The worker-config.yaml
file configures the pipeline for each endpoint. The entries in this file are highly dependent on the backend code.
Adding new models for categorization and sentiment
The Rosette Classification Field Training Kit allows user to train their own classification models for the /categories
and /sentiment
endpoints. Reasons for training a new model include:
-
Supporting a language that Rosette does not currently support
-
Increasing accuracy on your particular input data
-
Supporting a specific categorization taxonomy for your data or task.
See the Training Classification Models with Rosette publication for more information.
Integrating Your Custom Model with Rosette Server
To deploy your custom-trained model, integrate it into Rosette Server as follows:
-
Ensure that, for the language your are targeting, the following directory exists: ${tcat-root}/models/<lang>/combined-iab-qag
-
Move any existing model files in the target directory to an unused
directory, e.g.
> mkdir ${tcat-root}/models/<lang>/unused
> mv ${tcat-root}/models/<lang>/combined-iab-qag/* ${tcat-root}/models/<lang>/unused
-
Copy all the model files from your newly trained model into your target directory, ${tcat-root}/models/<lang>/combined-iab-qag
-
Relaunch the Rosette Server server
After relaunching the Rosette Server, the categorization
endpoint will use the models in the combined-iab-qag
directory, therefore using your new model for the language of the newmodel.

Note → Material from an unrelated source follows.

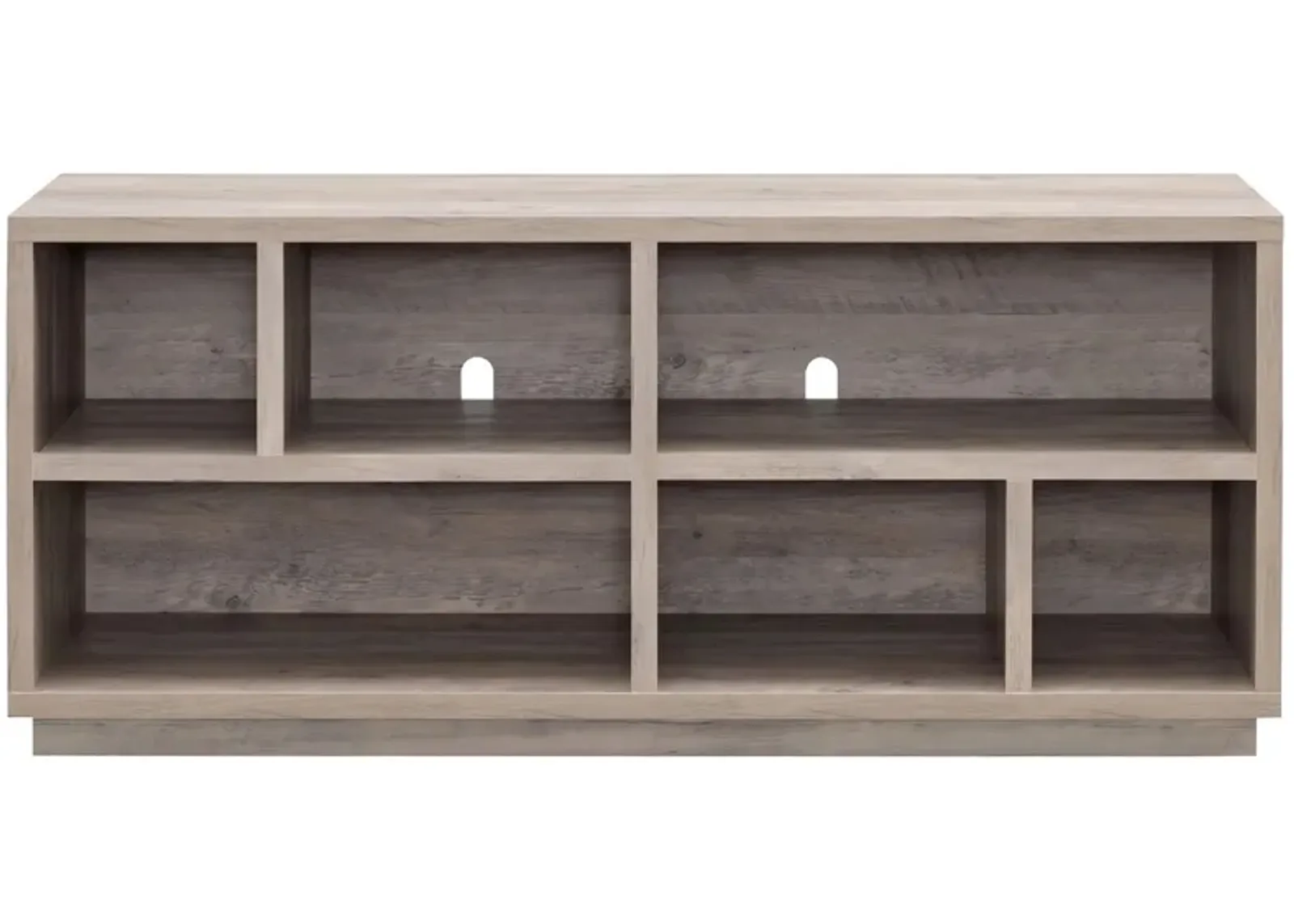 Dotterel TV Stand in Gray Oak by Hudson & Canal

For sentiment model integration, place your model files into ${sentiment-root}/data/svm/<lang>/
and use the sentiment
endpoint. Similarly, move all existing files for that model to a backup directory before copying over the new files.
Note
Note that depending on your specific FTK version, your newly created model may have a lexicon_filtered
file while the existing model has lexicon.filtered
instead. Rosette supports both naming schemes for backwards compatibility. Regardless of which naming scheme you see, you should remove the existing filtered lexicon file before adding the one from your new model. If both lexicon.filtered
and lexicon_filtered
files are in the same model directory, lexicon.filtered
will take precedence.
Adding new language models
Out of the box, the /sentiment
and /categories
endpoints only support the languages of the models that ship with the distribution. Once you have trained a model in a new language, you must add the new languages to the transport-rules.tsv
and worker-config.yaml
files in Rosette Enteprise.
-
For both endpoints, edit the transport-rules.tsv
file. Each endpoint is listed, with a lang=
statement listing the supported languages for the endpoint. Add the three letter ISO 693-3 language code for the new model languages.
/categories lang=eng
/sentiment lang=ara|eng|fas|fra|jpn|spa
-
For the /sentiment
endpoint only, edit the worker-config.yaml
file. Go to the section labeled textPipelines
. Each endpoint is listed with a languages:
statement listing the supported languages for the endpoint. Add the three letter ISO 693-3 language code for the new model languages.
# sentiment
- endpoint: /sentiment
languages: [ 'ara', 'eng', 'fas', 'fra', 'jpn', 'spa' ]
steps:
- componentName: entity-extraction
- componentName: sentiment
Configuring the sentiment endpoint for document-level analysis
The sentiment analysis endpoint can be configured to return document-level sentiment analysis only, by turning off entity-level sentiment analysis. This requires modifying the worker-config.yaml
file to remove the entity extraction step from the process. This will speed up document-level sentiment analysis.
The following edits are made to the worker-config.yaml
file. The shipped version of the file is:
# sentiment
- endpoint: /sentiment
languages: [ 'ara', 'eng', 'fas', 'fra', 'jpn', 'spa' ]
steps:
- componentName: entity-extraction
- componentName: sentiment
Change the above block to:
# sentiment
- endpoint: /sentiment
languages: [ 'ara', 'eng', 'fas', 'fra', 'jpn', 'spa' ]
steps:
- componentName: base-linguistics
factoryName: tokenize
- componentName: sentiment
The entity extraction endpoint must be replaced by the tokenization endpoint in the pipeline.